Hot and sweaty but only along my right side

1985 - I got custody of Grandpa's car when he lost the ability to drive. It was a 1974 Buick, a huge rectangle of a car, light blue.

I was night manager of a business that was open until 9 pm, so I had to lock up after the employees were all signed out for the night. We worked one night in December that was unusually cold, and after I locked the offices and got out to the snowy parking lot, there were only two cars remaining, mine and the one Nicole and Nell came in. Their car wouldn't start and I lacked jumper cables.

Nicole and Nell were a matched pair as far as their weights, around 240 pounds apiece. When they asked for a ride home, it was not a tough question because the Buick could easily carry all of us and a couple more, if needed. Nicole and Nell were right there beside me, purses in hand, when we found that my car's back doors were frozen shut on both sides.

My eyes shifted from them to the front seat as I made some mental calculations of what would be feasible, and they started to laugh. Both front doors still worked and the three of us got in on the front seat. I was built like a blade of grass and found that if I reached to the right, I still could get both hands on the steering wheel. They lived on the west side so it was a lengthy ride across town and we could not stop laughing.

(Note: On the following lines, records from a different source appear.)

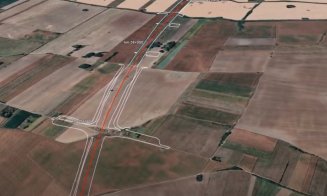 Încep lucrările pe un lot-problemă din Autostrada Transilvania, "moștenit" de la Bechtel. Va avea 18 poduri, pasaje și viaducte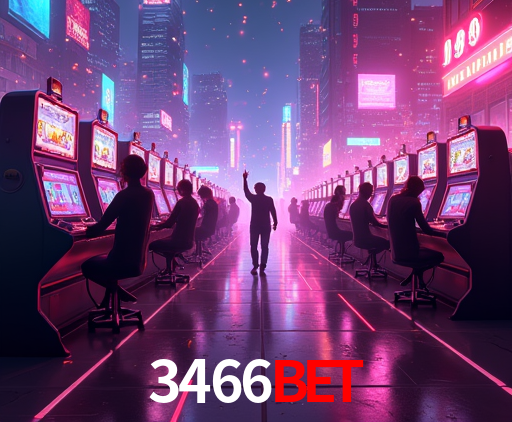 Experiência VIP 3466BET
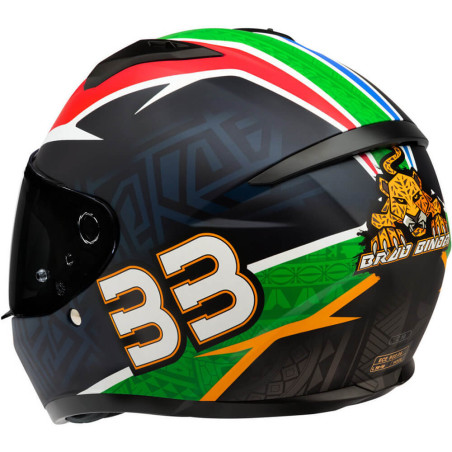 CASCO HJC C10 BB33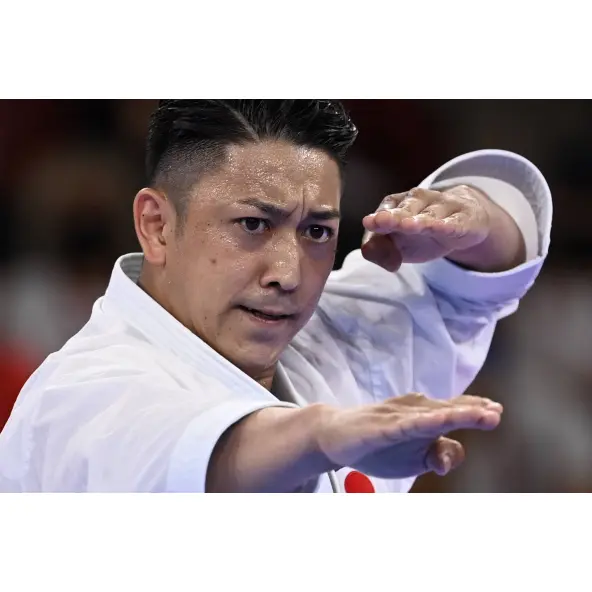 Kimono de Karaté Shureido NW-3 New Wave Coupe Kata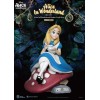 Beast Kingdom Disney - Master Craft Alicia en el País de las Maravillas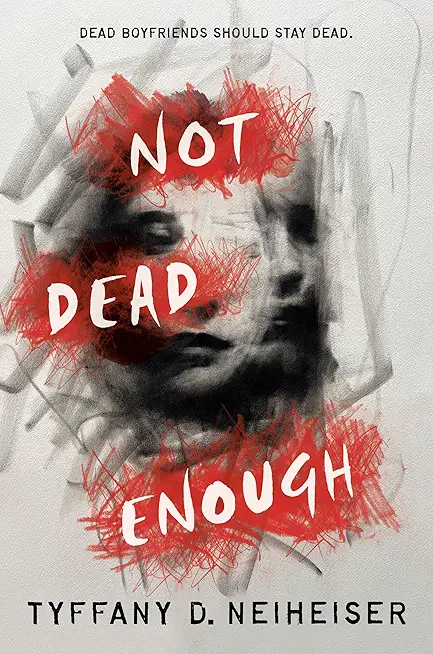 Enough of the Dead cover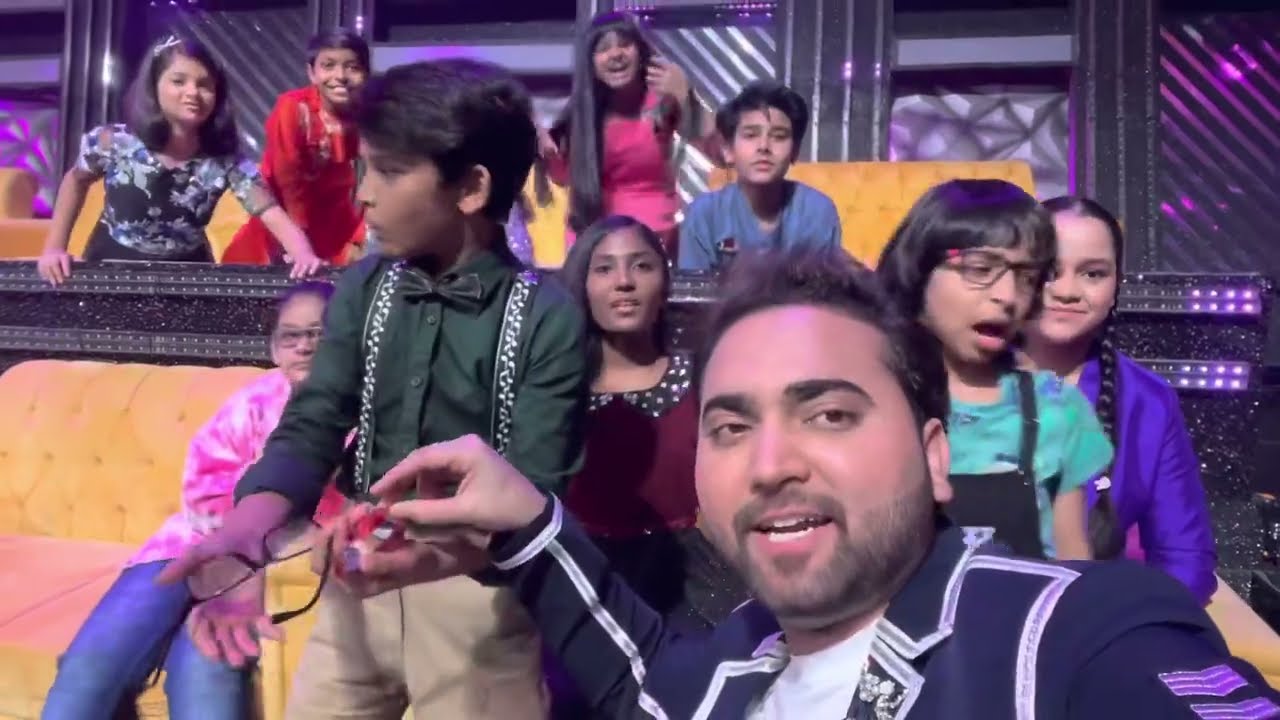 Shoot ke beech me masti karte hue superstar || mohd danish || sayli || salman || faiz || Chetanya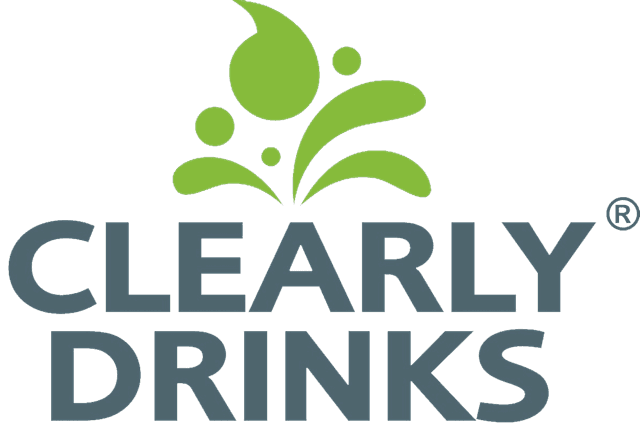 Clearly Drinks Logo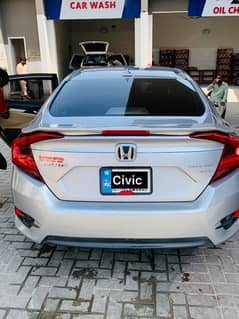 Honda Civic VTi Oriel 2018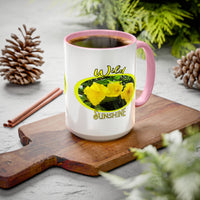 Thumbnail for Floral Coffee Mugs – Brighten Your Day with the Yellow Primrose, Perfect for Coffee Lovers, Gifts, Home Decor, and Celebrations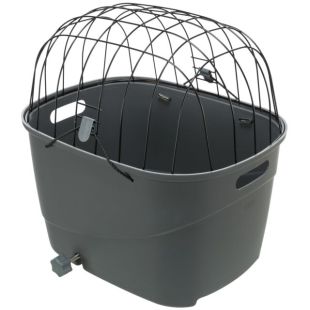 TRIXIE Велосипедная корзина для перевозки домашних животных 45x39x42 cм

Remembering anecdotes of the worst incidents involving the local cops, we could've been pulled over by an officer curious to know what a skinny white boy was doing with two full-figured African-American women in such high spirits, and why they felt the need to share the front seat with me in a massive sedan on the rough side of town long after dark. No problem, and I had forgotten about it for years until I started remembering cars I used to have.

And that's why Chicago is known as the City of Decorum

The sign on the CTA bus yesterday had many of the usual prohibitions, plus one that caught my eye:
All the rules are illustrated with a little symbol covered by a red diagonal line. The "NO WEAPONS" rule has a handgun covered by the red slash.

So here's the scenario imagined by the Chicago Transit Authority: A citizen is about to get on the bus when he sees the sign, a friendly reminder. Suddenly he remembers he's carrying a Luger. Sensitive to the potential embarrassment of discovery, the citizen discreetly retreats and returns home to put his gun safely away before going out.